What you should do ::
The expected output is each line from the one containing "Pink solid color" to the last line of the data below, set down exactly, minus the pictures.

Data extract ::

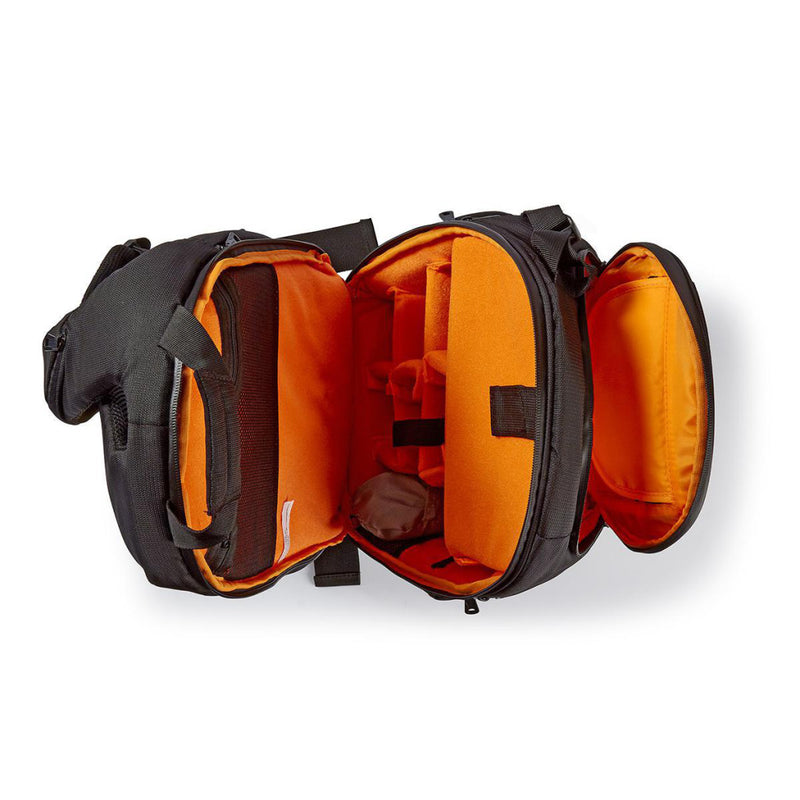Nedis CBAG400BK Cameratas Rugtas 290 X 410 X 150 Mm 10 Binnenvakken Zwart/oranje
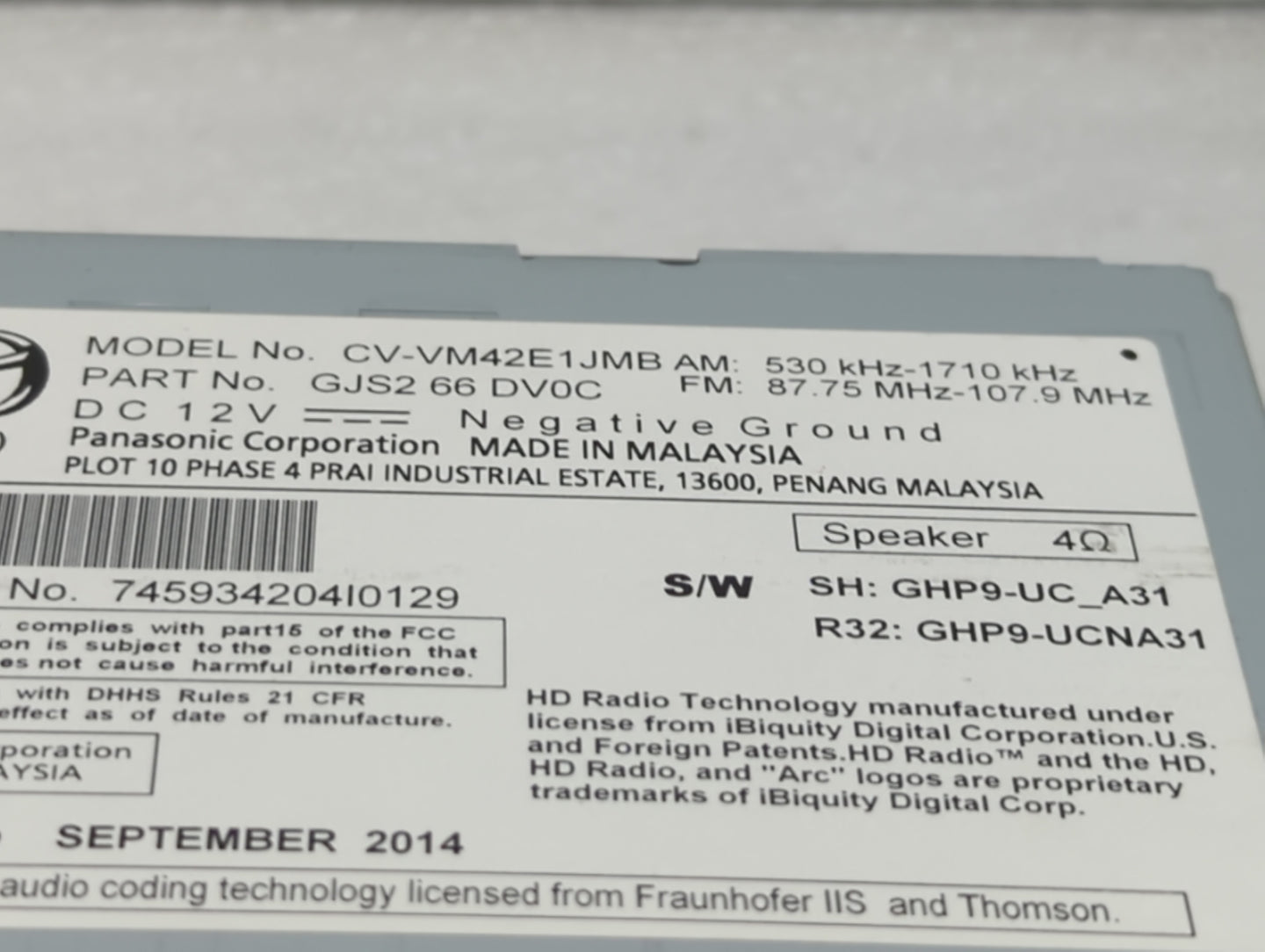 2015 Mazda 6 Radio AM FM Cd Player Receiver Replacement P/N:GJS1 66 DV0B GJS2 66 DV0C, GJS1 66 DV0C, 16730129, CV-VM42E1JMA 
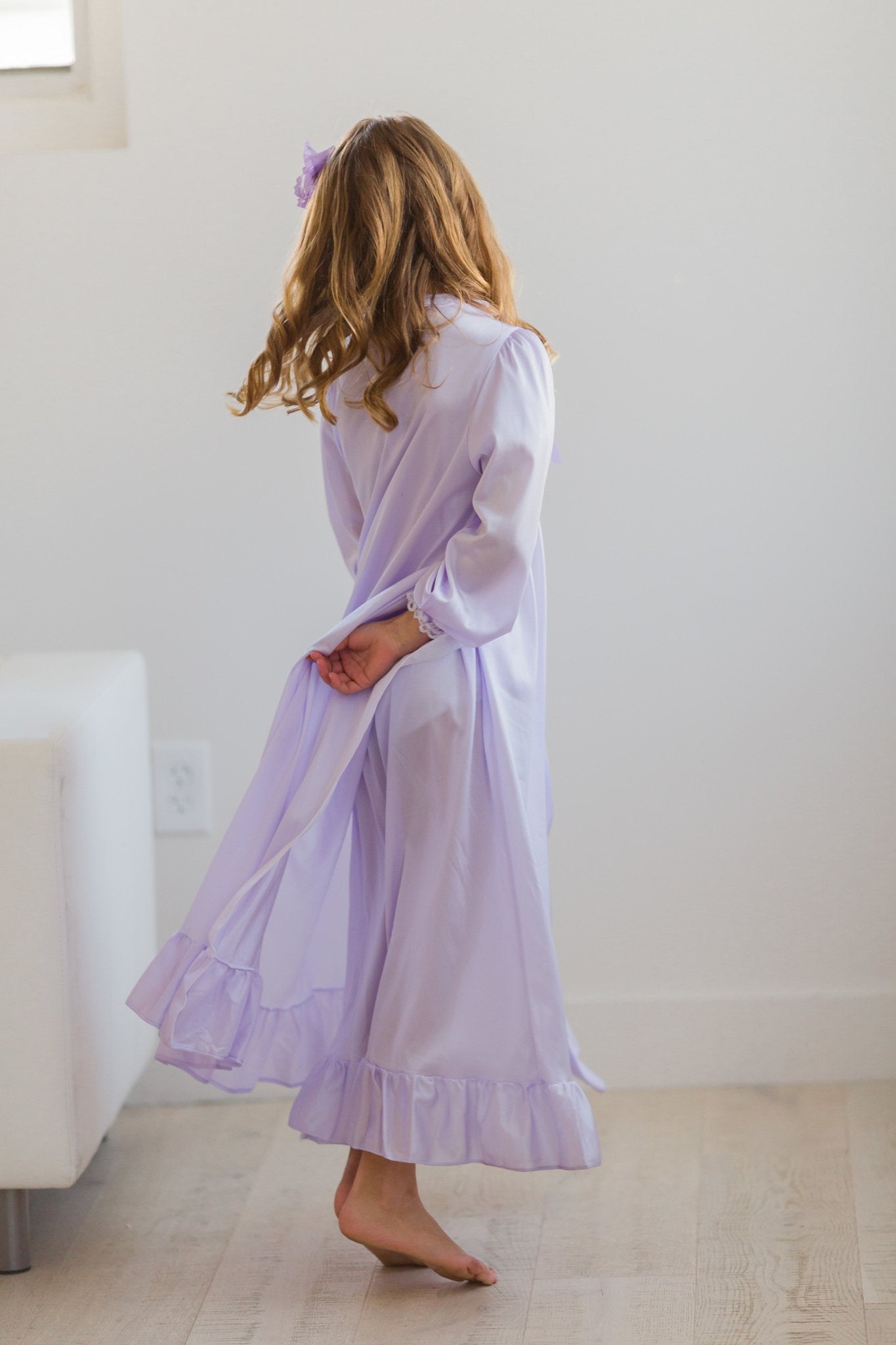 Clara Nightgown Peignoir Set in Lavender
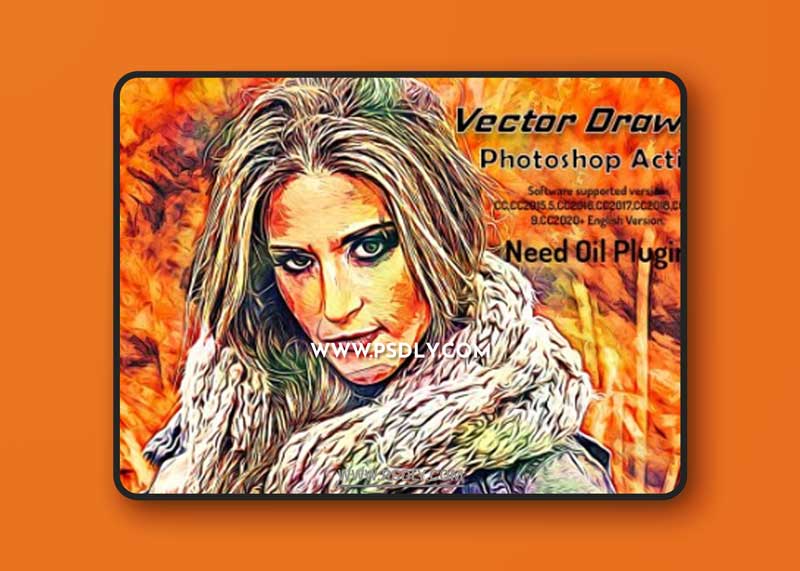 CreativeMarket - Vector Drawing Photoshop Action 6355534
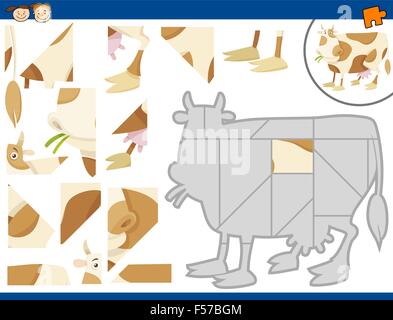 Cartoon Illustration du Puzzle éducatif pour les enfants d'âge préscolaire Tâche avec personnage animal vache ferme Illustration de Vecteur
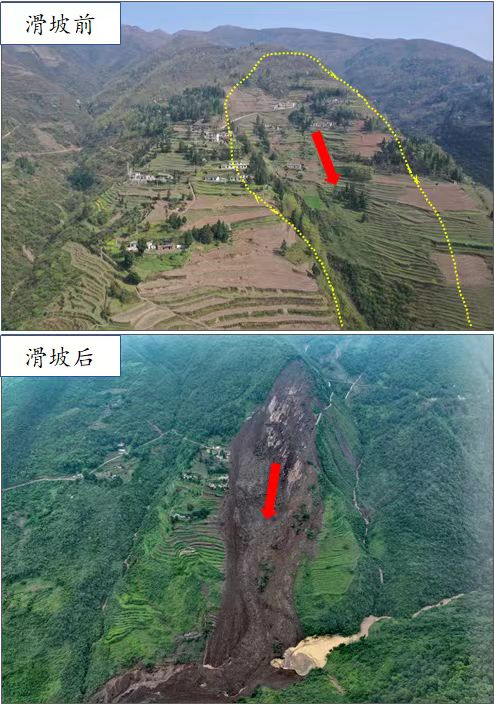 貴州大方縣果瓦鄉(xiāng)滑坡長超1000米 前后對比圖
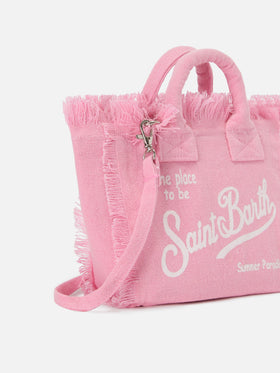 Pink solid color linen Vanity mini bag with removable strap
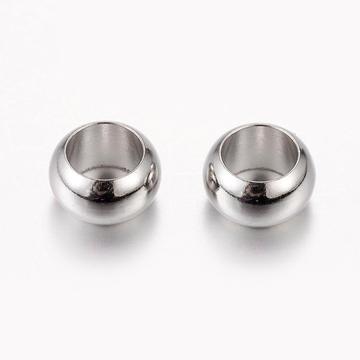 Kerek (platina szín) köztes dísz, 7x4 mm (5 db)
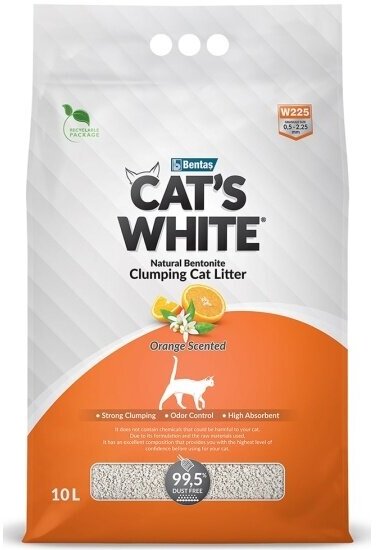 Наполнитель для кошачьих туалетов Cat's White Orange комкующийся, бентонитовый с ароматом апельсина (10л)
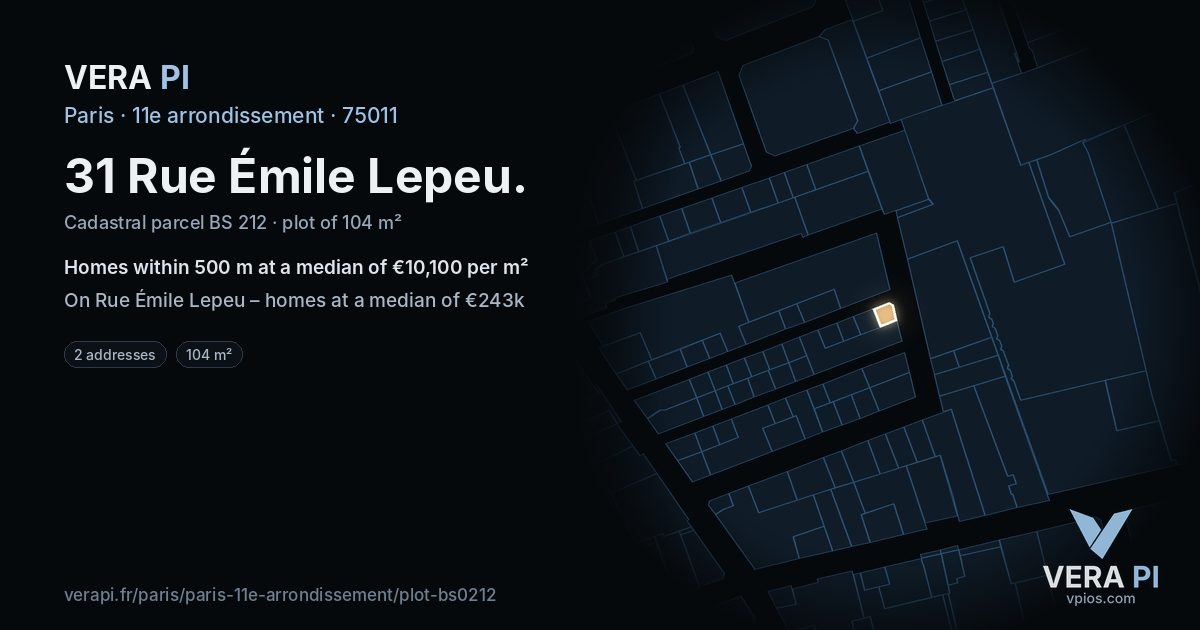 31 Rue Émile Lepeu, 11e arrondissement at night – the plot lit, the parcels around coloured by the prices near them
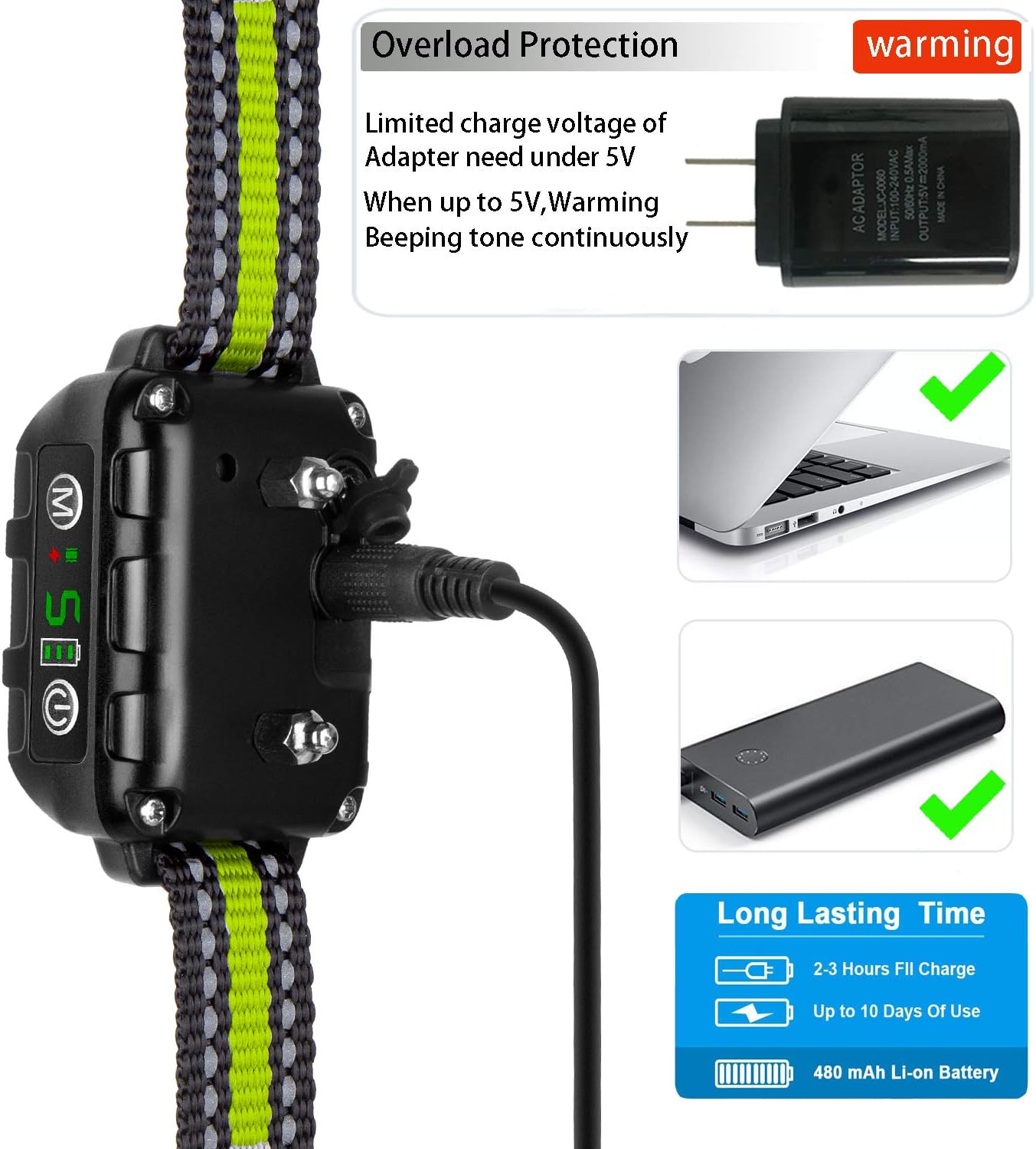 Bark Collar No Bark Collar Rechargeable Anti bark Collar with Adjustable Sensitivity and Intensity Beep Vibration and No Harm Shock Bark Collar for Small Medium Large Dogs : Pet Supplies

Exercise response ::
 Pink solid color linen Vanity mini bag with removable strap
 Kerek (platina szín) köztes dísz, 7x4 mm (5 db)
 Наполнитель для кошачьих туалетов Cat's White Orange комкующийся, бентонитовый с ароматом апельсина (10л)
 31 Rue Émile Lepeu, 11e arrondissement at night – the plot lit, the parcels around coloured by the prices near them
 Bark Collar No Bark Collar Rechargeable Anti bark Collar with Adjustable Sensitivity and Intensity Beep Vibration and No Harm Shock Bark Collar for Small Medium Large Dogs : Pet Supplies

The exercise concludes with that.